Kim Oh #3: REAL DANGEROUS PEOPLE (The Kim Oh Thrillers) by K. W. Jeter, (2011, Kindle Books)
The adventures of K. W. Jeter‘s femme gun-for-hire continues in Kim Oh 3: Real Dangerous People (Kindle Books). Kim Oh, having survived the death of both her mentor and boss is working for a new client: Mr. Falcon. Falcon is an old mobster who’s trying to become a legitimate businessman by merging his operation with a sleazy contractor, Karsh. But something has happened before the latest meeting with his new partner and one of Falcone’s crew is dead. He chooses Kim to replace the aging torpedo who didn’t survive the last assault.
Falcone(pronounced like the bird, he really wants to appear respectable)’s crew consists of four men: Curt, Foley, Earl and Elton. We never do get their last names. Each of the men have been part of Falcone’s security detail for years. Curt is the leader. Foley had been working for a rival. Elton is from somewhere in Alabama and is the youngest. All are getting on in years and the legacy of being aging wise guys is starting to wear on them.
Jeter’s goodfellahs are not the glamorous bunch of tattooed gunsels from the movies. This crew has seen a lot of action and knows how to pull together in a firefight, but they live simple lives. Kim points out early in the novel how the life of a hired gun is not lucrative. The crew live in cheap apartments with Formica tables. None of them have wives or girlfriends.
Naturally there is resistance when the crew is assigned a little 100 pound asian girl as its latest member. Foley absolutely refuses to work with her until Curt informs him Kim was hired by Mr. Falcone. Curt had known Kim earlier, so he has some respect for what she can do. But the specter of her failure while working security for a previous mobster looms over everything.

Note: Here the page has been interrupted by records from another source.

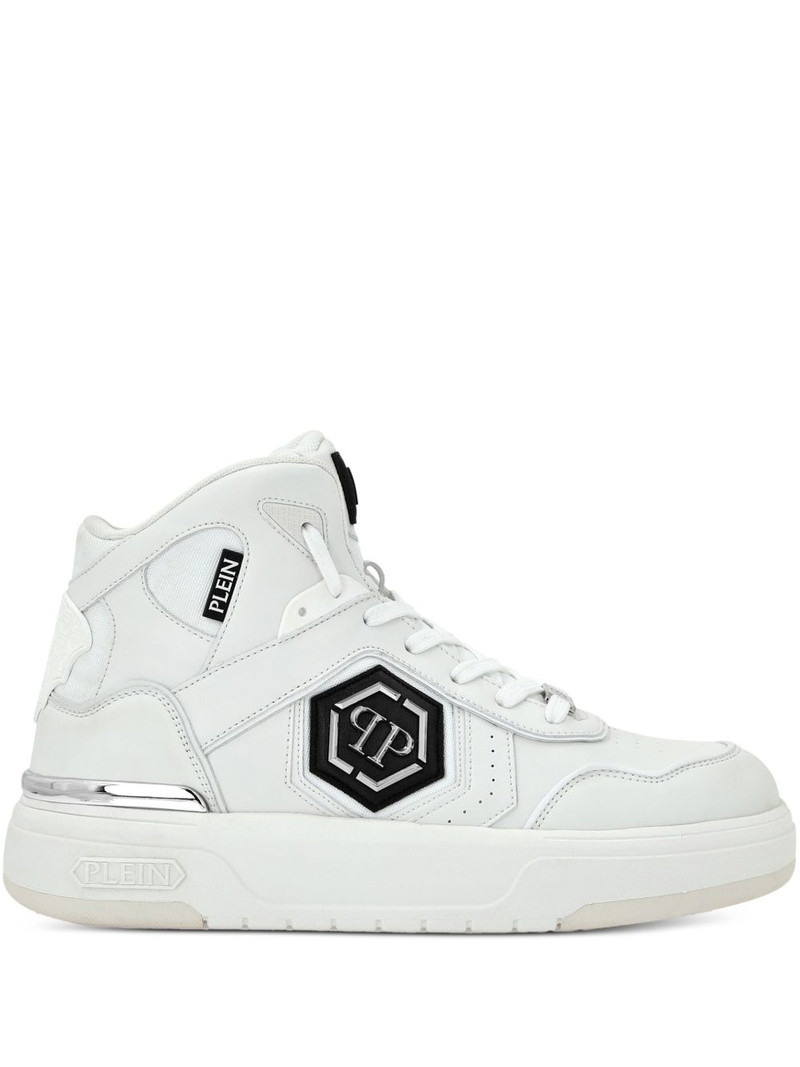 Predator sneakers 1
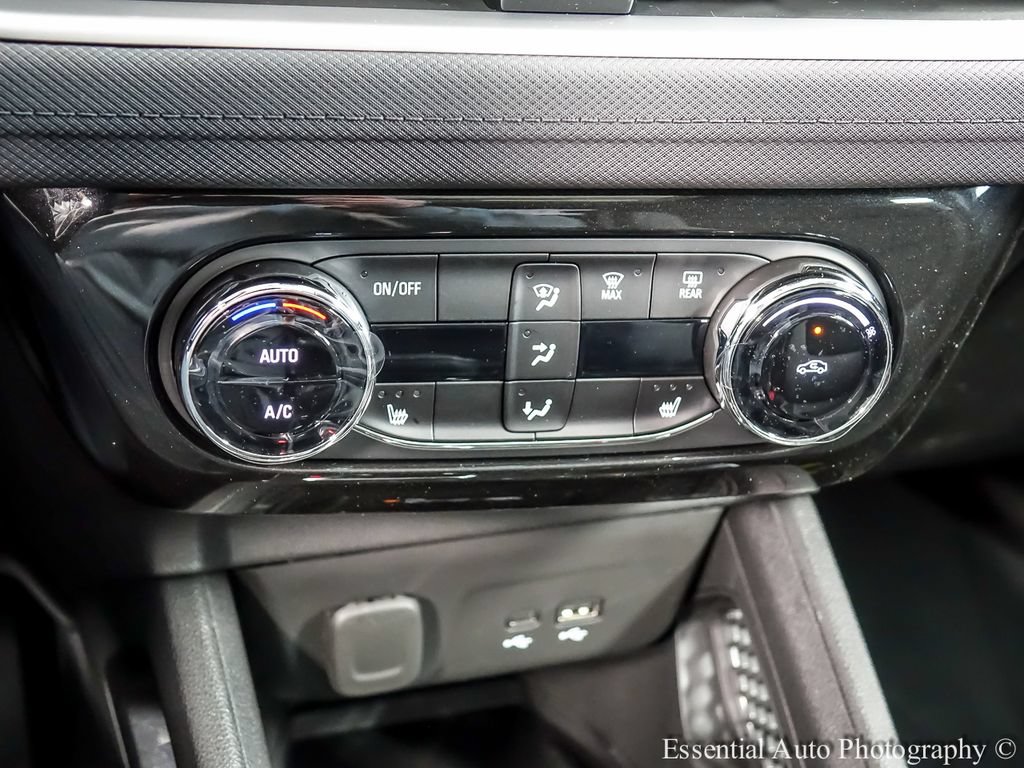Certified 2026 Chevrolet TrailBlazer LT w/ Convenience Package AWD/4WD image 16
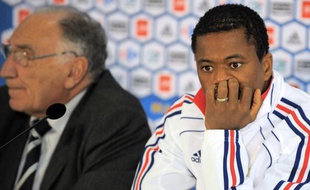 Le capitaine de l'équipe de France, Patrice Evra, lors d'un point presse à Knysna, le 19 juin 2010.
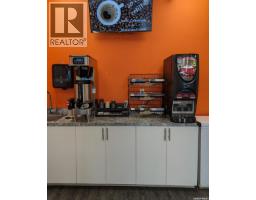 4900 Dewdney Avenue, Regina, SK S4T1B8 Photo 9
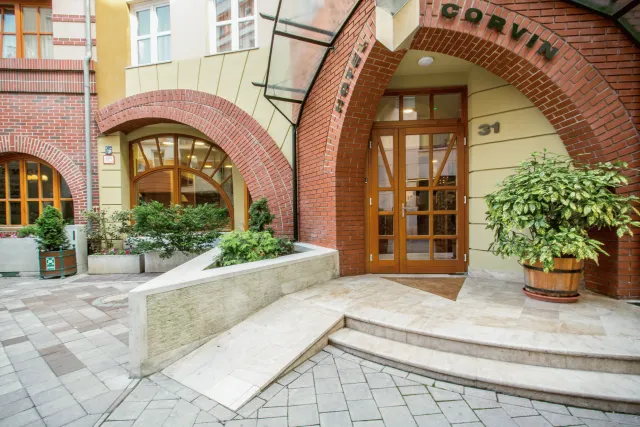 Billede av hotellet Corvin Hotel Budapest - Sissi wing - nummer 1 af 10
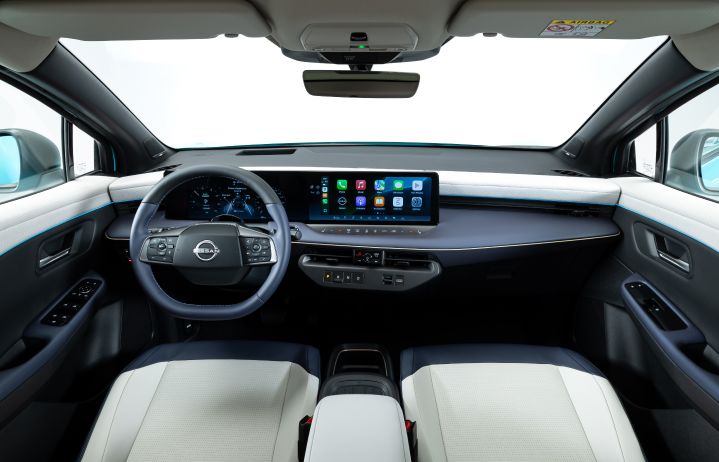 Intérieur de la Nissan LEAF avec vue sur le cockpit et les sièges avant.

When the crew are ambushed by an assassin on their way to a business meeting with Falcone’s new partner, it’s Kim who saves the day. There’s a tightly written gun battle in a shopping mall’s parking lot where she manages to keep the crew alive. Again, aspiring writers should should be studying Jeter’s Kindle books to see what can be accomplished in few words. No need for long expository scenes, or pointless self-reflection.
The novel captures the suddenly realization of an aging mobster perfectly:
‘“It’s strange,” said Curt. His voice went so soft and musing, that I might have been the only one who could make out his words. “You go your whole life – or all you remember of it – and you think you’ve got it figured out.” He was gazing toward the distance, obviously not seeing anything. As though the dark had leaked out from his thoughts and obscured everything before him. “The way things are . . .”
I didn’t move. I didn’t even breathe. I didn’t know whether I wanted to still be there or not, listening to him say all of this.
“Somebody gives you a chance . . . somebody trusts you . . . somebody believes in you . . . and you think, well, this is it. This is what you are. This is what you’ll do.”
Elton had heard him as well.
“Hey . . . come on, Curt. Don’t –”
Curt went on, as if he were completely alone.
“And then all of a sudden, it’s completely different. It’s not the same as before. You’re just as loyal as before – you’ll do anything – but that’s not good enough. It’s just not good enough.”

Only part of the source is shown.